Farmers and Landowners: Learn to Negotiate and Manage Conflict
Are you a farmer trying to lease land? A landlord renting to a tenant? A food producer seeking entry into an existing wholesale or restaurant market?
Whether transacting a lease, a sales agreement or a worker contract, farmers and landowners benefit from good negotiating skills – the subject of a day-long workshop in November at MOFGA’s Common Ground Education Center in Unity.
Negotiation and conflict are a part of our daily lives – with customers, suppliers, co-workers, business associates, family members and others. Despite this pervasiveness, negotiations often do not go as well as we would like.
On Thursday, Nov. 21, from 9 a.m. to 4 p.m. (with registration opening at 8:30 a.m.), the Maine Agricultural Mediation Program (administered through Volunteers of America Northern New England) in partnership with MOFGA, Land for Good and Maine Farmland Trust will host a program targeted to farmers and landowners on general negotiating concepts with examples specific to agriculture.
Through lecture and hands-on practice (role plays, simulations, small group activities), participants will understand the negotiation process and techniques and skills to build a stronger negotiation base; will discover a toolkit to manage negotiations successfully; and will learn to communicate effectively in negotiations – including the power of effective questioning and listening and of seeing other points of view.
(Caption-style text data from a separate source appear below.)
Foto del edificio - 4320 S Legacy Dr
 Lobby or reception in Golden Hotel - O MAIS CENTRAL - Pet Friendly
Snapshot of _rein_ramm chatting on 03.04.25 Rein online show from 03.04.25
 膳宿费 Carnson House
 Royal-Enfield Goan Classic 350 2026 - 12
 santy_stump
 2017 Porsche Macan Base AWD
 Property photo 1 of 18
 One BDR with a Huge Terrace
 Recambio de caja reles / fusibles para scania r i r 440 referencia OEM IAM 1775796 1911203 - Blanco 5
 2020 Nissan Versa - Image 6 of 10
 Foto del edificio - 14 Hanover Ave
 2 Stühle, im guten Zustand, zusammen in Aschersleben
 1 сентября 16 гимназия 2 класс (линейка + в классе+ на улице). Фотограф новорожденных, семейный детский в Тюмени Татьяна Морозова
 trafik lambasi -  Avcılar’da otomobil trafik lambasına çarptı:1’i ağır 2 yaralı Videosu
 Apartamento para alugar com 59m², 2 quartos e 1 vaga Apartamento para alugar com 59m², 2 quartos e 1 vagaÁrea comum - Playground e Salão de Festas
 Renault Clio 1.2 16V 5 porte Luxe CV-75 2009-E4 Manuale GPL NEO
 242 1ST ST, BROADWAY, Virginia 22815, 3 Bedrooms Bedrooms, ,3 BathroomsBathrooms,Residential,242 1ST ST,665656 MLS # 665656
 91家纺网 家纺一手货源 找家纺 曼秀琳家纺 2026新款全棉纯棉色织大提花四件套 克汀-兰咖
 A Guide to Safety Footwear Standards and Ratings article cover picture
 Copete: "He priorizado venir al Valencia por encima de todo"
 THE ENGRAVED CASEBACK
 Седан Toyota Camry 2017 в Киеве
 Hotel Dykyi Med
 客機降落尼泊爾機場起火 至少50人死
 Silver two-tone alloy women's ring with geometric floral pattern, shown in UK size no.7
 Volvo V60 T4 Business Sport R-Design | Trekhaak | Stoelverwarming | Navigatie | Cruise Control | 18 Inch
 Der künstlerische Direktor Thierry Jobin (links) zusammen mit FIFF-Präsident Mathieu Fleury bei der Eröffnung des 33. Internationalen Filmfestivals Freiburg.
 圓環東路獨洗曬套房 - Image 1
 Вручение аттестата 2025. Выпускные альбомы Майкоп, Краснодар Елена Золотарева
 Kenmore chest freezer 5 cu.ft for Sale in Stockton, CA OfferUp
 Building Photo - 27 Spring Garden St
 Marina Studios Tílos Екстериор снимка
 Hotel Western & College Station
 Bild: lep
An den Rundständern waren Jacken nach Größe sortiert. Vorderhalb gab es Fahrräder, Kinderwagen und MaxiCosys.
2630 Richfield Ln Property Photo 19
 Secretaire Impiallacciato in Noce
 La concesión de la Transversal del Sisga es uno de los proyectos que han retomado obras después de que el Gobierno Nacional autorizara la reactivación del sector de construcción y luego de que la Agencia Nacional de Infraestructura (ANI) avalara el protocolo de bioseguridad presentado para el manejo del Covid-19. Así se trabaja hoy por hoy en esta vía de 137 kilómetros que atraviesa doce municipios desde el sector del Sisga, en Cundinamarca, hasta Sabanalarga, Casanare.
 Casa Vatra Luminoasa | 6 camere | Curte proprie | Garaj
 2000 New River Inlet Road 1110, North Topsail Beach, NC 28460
The workshop will enhance participants’ confidence in responding to the changing circumstances of negotiations. Participants will understanding their own negotiation style and will become flexible in using alternative styles. They will also identify possible negotiation outcomes.
To register for Negotiation and Conflict Management Skills for Farmers and Landowners, please visit www.mofga.org. Pre-Registration is required, and a $15 fee covers lunch and handouts. Registration is limited and closes on Nov. 13.
PROGRAM TOPIC OUTLINE
Meeting the needs of all the stakeholders: interest-based, consensus-building, collaborative problem solving approach to negotiation
Understanding one’s style
Overview to the negotiation process
Information gathering/exchange – understanding the problem(s)
Separating people from problems
Breaking big issues into smaller ones
Caring about needs – not positions
Being creative – broadening options, brainstorming, looking for mutual gain
Importance of relationships
Dealing with different types of people
Using neutral experts
The Maine Organic Farmers and Gardeners Association (MOFGA, www.mofga.org), formed in 1971, is the oldest and largest state organic organization in the country. The purpose of the Association is to help farmers and gardeners grow organic food, fiber and other crops; protect the environment; recycle natural resources; increase local food production; support rural communities; and illuminate for consumers the connection between healthful food and environmentally sound farming practices.